According to Tori M. “Graphic designers (especially ours) always want to ensure top quality images, but higher quality means more disk space means higher load time, and you know what the experts say: Users tend to abandon websites that don’t load within 3 seconds. The ideal load time for websites is under 2 seconds. 1 second is best, but not many sites load that quickly.”(Metzger)
It is recommended to track website’s loading time by checking performance data in Google Analytics or Network tab(right click) or using special speed test tools like Pingdom. If you need to shorten loading time start with lowering picture quality before saving it, in photoshop you could change the amount of pixels or you could use Better WordPress Minify. According to Khang Minh “This plugin uses the PHP library Minify and relies on WordPress’s enqueuing system rather than the output buffer, which respects the order of CSS and JS files as well as their dependencies. BWP Minify is very customizable and easy to use”(Minh).
Also it is important what type of image file types you are loading to your gallery. Stay with JPEG if you can, as those tend to be the smallest in size, they are best suited for photographic images. PNG images have some transparency and PNG-24 when simple images and photographic elements are combined. GIF are small animations or with bigger color palette.

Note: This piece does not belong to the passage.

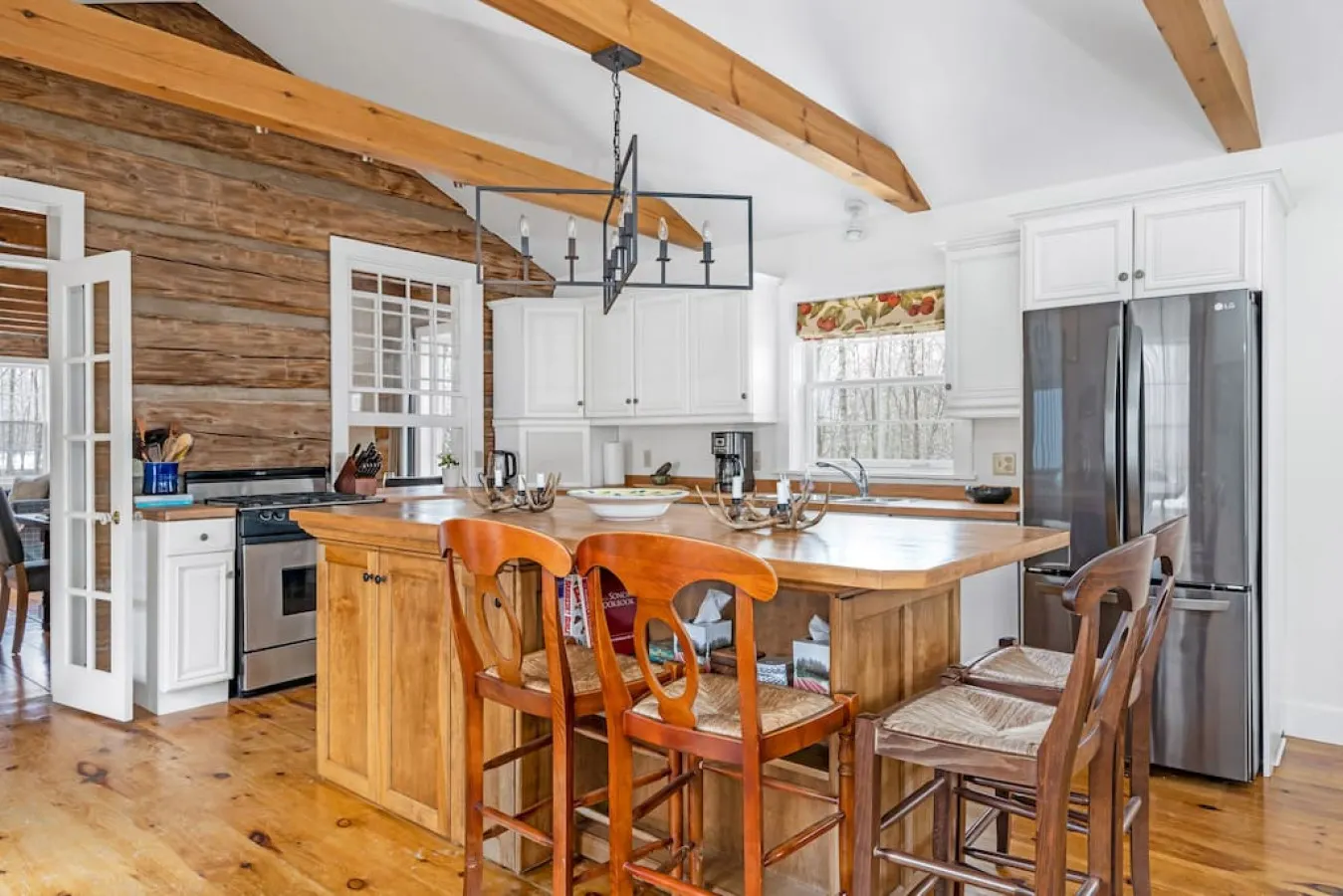 Malcom Cottage · Stunning 6 Bedroom Chalet In Beaver Valley! — photo 3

Drew C. says “Sometimes the best way to decrease image load time is not to use an image at all. Improvements to CSS have made it possible for the browser to render certain “images” using pure CSS. It is now possible to generate rounded rectangles, gradients, drop shadows, and transparent images using CSS”(Coffin).
Metzger, Tori. “How to Optimize Website Load Time by Maintaining Image Sizes.” Buckeye Interactive, 27 Mar. 2017, buckeyeinteractive.com/blog/optimize-website-load-time-maintaining-image-sizes/.
Minh, Khang. “Better WordPress Minify.” Blog Tool, Publishing Platform, and CMS - WordPress, 2015, wordpress.org/plugins/bwp-minify/.
Coffin, Drew. “Optimizing Images to Reduce Load Times.” Practical Ecommerce, Practical Ecommerce, 10 Feb. 2012, www.practicalecommerce.com/Optimizing-Images-to-Reduce-Load-Times.